What you should do.
Check each line of the material that follows, and copy those holding the string "Used".
--
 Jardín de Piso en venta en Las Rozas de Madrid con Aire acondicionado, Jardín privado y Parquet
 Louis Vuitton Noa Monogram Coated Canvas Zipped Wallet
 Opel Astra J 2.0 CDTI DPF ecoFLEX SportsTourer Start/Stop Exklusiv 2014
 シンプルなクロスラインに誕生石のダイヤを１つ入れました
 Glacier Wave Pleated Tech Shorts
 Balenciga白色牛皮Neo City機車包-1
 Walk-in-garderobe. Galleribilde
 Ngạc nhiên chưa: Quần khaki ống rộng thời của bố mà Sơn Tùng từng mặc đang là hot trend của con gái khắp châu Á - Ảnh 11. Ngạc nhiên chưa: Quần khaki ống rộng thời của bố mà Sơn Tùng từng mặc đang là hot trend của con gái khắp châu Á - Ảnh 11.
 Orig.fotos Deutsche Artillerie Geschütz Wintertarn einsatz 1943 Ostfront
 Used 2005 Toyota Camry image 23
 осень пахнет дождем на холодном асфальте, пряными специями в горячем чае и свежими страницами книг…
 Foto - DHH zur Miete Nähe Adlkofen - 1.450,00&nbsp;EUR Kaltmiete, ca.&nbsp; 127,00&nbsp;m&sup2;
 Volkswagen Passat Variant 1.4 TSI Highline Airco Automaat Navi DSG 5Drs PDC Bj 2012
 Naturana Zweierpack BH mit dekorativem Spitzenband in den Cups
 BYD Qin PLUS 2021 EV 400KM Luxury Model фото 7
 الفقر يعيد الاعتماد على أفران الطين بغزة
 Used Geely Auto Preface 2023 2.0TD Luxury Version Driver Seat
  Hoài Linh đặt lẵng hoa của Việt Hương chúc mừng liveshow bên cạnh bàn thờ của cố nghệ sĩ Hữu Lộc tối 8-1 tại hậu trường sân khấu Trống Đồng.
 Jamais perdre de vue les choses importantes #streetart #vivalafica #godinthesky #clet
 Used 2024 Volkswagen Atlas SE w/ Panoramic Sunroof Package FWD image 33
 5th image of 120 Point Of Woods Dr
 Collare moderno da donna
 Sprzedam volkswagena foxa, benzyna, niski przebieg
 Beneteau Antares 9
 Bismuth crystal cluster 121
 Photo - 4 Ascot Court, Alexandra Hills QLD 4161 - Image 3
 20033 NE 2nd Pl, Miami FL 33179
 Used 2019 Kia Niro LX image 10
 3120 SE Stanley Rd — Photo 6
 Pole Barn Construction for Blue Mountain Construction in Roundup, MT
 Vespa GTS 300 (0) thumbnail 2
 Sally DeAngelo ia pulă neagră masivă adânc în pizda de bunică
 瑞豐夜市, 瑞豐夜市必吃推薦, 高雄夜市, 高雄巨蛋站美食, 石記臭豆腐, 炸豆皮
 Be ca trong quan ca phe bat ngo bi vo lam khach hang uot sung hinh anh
--
The completed task.
 Used 2005 Toyota Camry image 23
 Used Geely Auto Preface 2023 2.0TD Luxury Version Driver Seat
 Used 2024 Volkswagen Atlas SE w/ Panoramic Sunroof Package FWD image 33
 Used 2019 Kia Niro LX image 10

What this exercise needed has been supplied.